*** Records ***
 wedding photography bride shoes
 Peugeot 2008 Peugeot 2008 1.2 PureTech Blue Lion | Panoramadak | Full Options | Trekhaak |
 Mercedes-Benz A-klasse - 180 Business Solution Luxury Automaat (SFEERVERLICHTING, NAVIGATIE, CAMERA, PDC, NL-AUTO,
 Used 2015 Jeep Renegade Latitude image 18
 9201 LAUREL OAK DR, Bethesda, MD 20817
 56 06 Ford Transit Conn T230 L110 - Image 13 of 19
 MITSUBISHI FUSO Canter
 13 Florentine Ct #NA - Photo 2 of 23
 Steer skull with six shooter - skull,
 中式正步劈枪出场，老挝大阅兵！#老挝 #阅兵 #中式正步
*** End of Records ***
◆ About this task:
Going from the line that has "56 06 Ford Transit" through the last line of the entries, retype each line exactly as given and add nothing.

◆ Task solution:
 56 06 Ford Transit Conn T230 L110 - Image 13 of 19
 MITSUBISHI FUSO Canter
 13 Florentine Ct #NA - Photo 2 of 23
 Steer skull with six shooter - skull,
 中式正步劈枪出场，老挝大阅兵！#老挝 #阅兵 #中式正步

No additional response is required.